1 Basics
1.1 Getting started
You can download the Racket installer from the Racket website (https://racket-lang.org/). Racket programs can be written in your favourite editor and run from the command line or from a script; some of these editors have modes that permit interaction as well. However, in this document, I will assume that you are using the DrRacket application from the Racket distribution.
When you start DrRacket for the first time, it displays a window divided horizontally into two text areas, Definitions and Interactions. Racket is actually a family of languages, and you need to tell DrRacket which one to use. Use the Choose Language menu item in the Languages menu to bring up the language-choice dialog, and click the first radio button, labelled "The Racket Language". This will put the following line into the top of the Definitions window:
#lang racket
DrRacket will remember your choice. The above line should remain the first line of the Racket programs you write while working with this document. I will not include it in subsequent examples.
Programs written in the Definitions window can be saved and recalled using standard file-save and file-open dialogs. Either of the Definitions and Interactions windows may be temporarily hidden (in which case the other expands to fill the space). DrRacket permits multiple tabs per window and multiple windows.
The Help menu will bring up locally-installed documentation in your Web browser of choice, including the overview provided by The Racket Guide and The Racket Reference, which is more comprehensive. The same material also appears on the Racket website, and words typeset in blue in this document (including within code fragments) link to relevant sections in the Racket Reference there.
1.2 Programs, expressions, and values
In imperative programming languages, a program typically computes by repeatedly modifying or mutating the values of variables. In contrast, functional programming languages focus more on the application of functions (also called procedures) to already-computed values in order to create new values. Mutation is present in Racket but is de-emphasized; we will discuss it and other side effects much later in this document, to show what can be accomplished in their absence.
A Racket program is a sequence of definitions and expressions. When one runs a program, each of the expressions is evaluated in order, and the resulting values are printed in the Interactions window, one to a line. (All Racket values have a printed representation, though, as we will see, in some cases only a limited amount of information is printed.) The Interactions window then repeatedly offers an interactive prompt (>) which lets one enter more expressions and have them evaluated. This read-evaluate-print loop (REPL) is a common and useful feature of interpreters for functional programming languages.
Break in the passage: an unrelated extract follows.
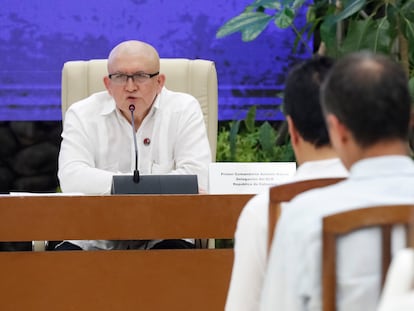 Antonio García, comandante del ELN, participa en una ronda de conversaciones de paz en La Habana (Cuba), en una fotografía de archivo.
The simplest expressions are just values. Here are some examples of Racket values.
42 -1267650600228229401496703205376 22/7 3.14159
Racket supports exact representation of unbounded integers and rational numbers (as well as complex numbers, which I will not discuss in this document). The approximation to pi in the fourth line above is an inexact number, equivalent to a double-precision floating point number. Inexact numbers, besides being produced when an exact rational representation is impossible, are useful when exact computations keep too many digits; there are functions to convert between exact and inexact representations. Many programming language introductions start with a "Hello, world!" program, but an equivalent Racket program is not particularly illustrative. It consists of a single expression made from a single string constant:
"Hello, world!"
An expression can also be the application of a pre-defined function (one provided by the Racket language) to a number of argument expressions. We construct such an application with an open parenthesis, followed by the name of the function, followed by the argument expressions separated by spaces, followed by a close parenthesis. Here’s an example, typed after the prompt (>) in the Interactions window, with the result shown:
> (max 3 -2 4.1 1/3) 4.1
This syntax is used for all function applications. Racket does not use infix notation for common arithmetic operations. + is a function that takes an arbitrary number of numerical arguments.
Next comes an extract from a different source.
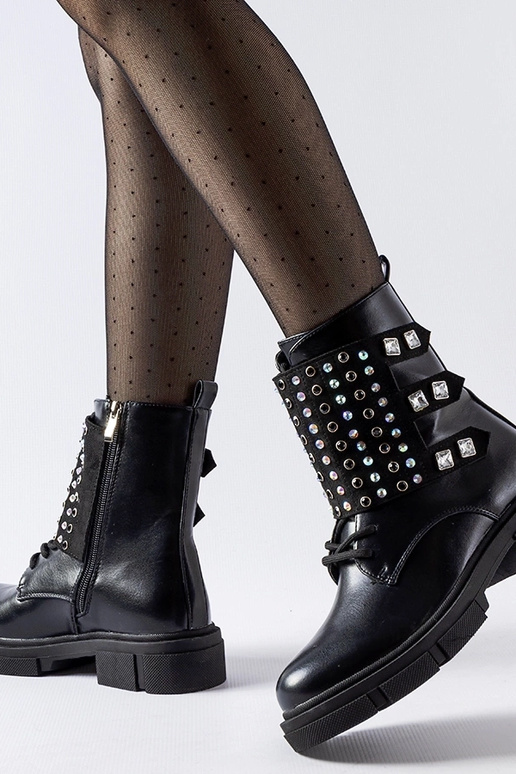 Čierne členkové čižmy zdobené...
> (* (+ 1 2 3) (- 4 5 6) (/ 7 8 9)) -49/12
As a result, parentheses are not used to specify order of operations. Do not add extra parentheses; they are likely to change the meaning of an expression.
1.3 Definitions
One form of definition binds a name (or identifier) to a value (perhaps specified by an expression); the name can then be used in subsequent expressions. In the absence of mutation, this binding cannot be changed.
Another form of definition creates user-defined functions. The name of the function is put in parentheses with the names of its parameters, and this is followed by a single body expression representing the computation. We apply a user-defined function the same way we apply a pre-defined function.
(define x 3)
(define y (+ x 1))
(define (sum-of-squares x y) (+ (square x) (square y)))
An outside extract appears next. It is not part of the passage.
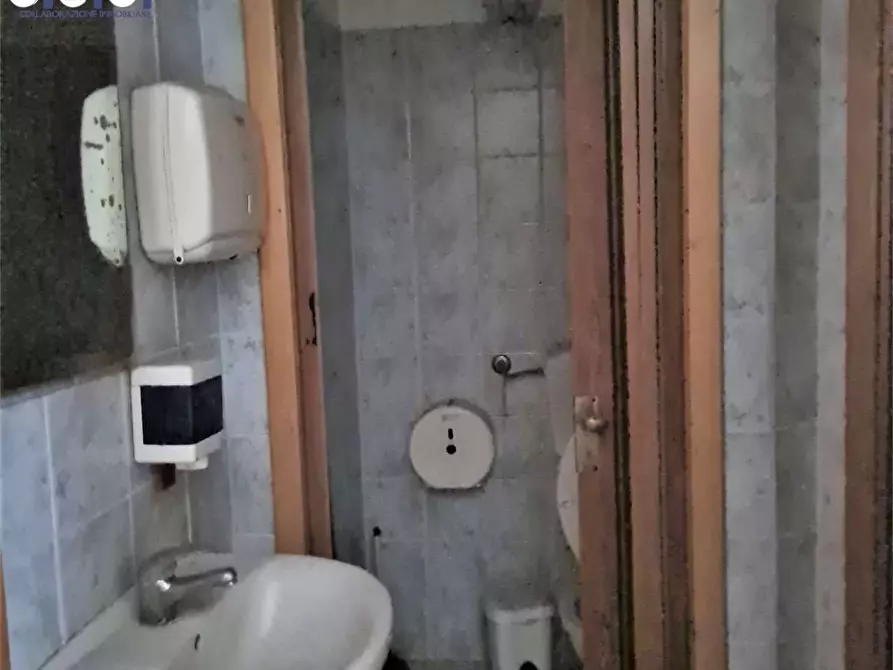 Immagine 5 di Negozio in affitto  in Pressi V.Le Zecchino a Siracusa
(define (square x) (* x x)) > (sum-of-squares x y) 25
Multiple body expressions are permitted in function definitions, but all but the last one are evaluated and the values discarded. In the absence of side effects, multiple body expressions are not useful.
Many (not all) imperative languages are statically typed, meaning the type of any expression in the program can be inferred. This often involves adding explicit type annotations (to variables, parameters, and functions). In contrast, Racket is dynamically typed. Each value computed at run time has a type, but in general, two applications of the same function (even at the same point in a program) may involve arguments of different types and may produce values of different types.
We see the beginnings of the notion of scope in this example. In the body expression of the definition of sum-of-squares, the name x is used, and its binding occurrence is the first parameter x of sum-of-squares. The scope of that parameter is the entire body expression. In contrast, the name x is also used in the definition of y, but its binding occurrence is the top-level definition (define x 3). The scope of that occurrence is the entire program after the definition, except where x is given a new, more local meaning (as in the parameters of sum-of-squares and square). We will return to this idea shortly.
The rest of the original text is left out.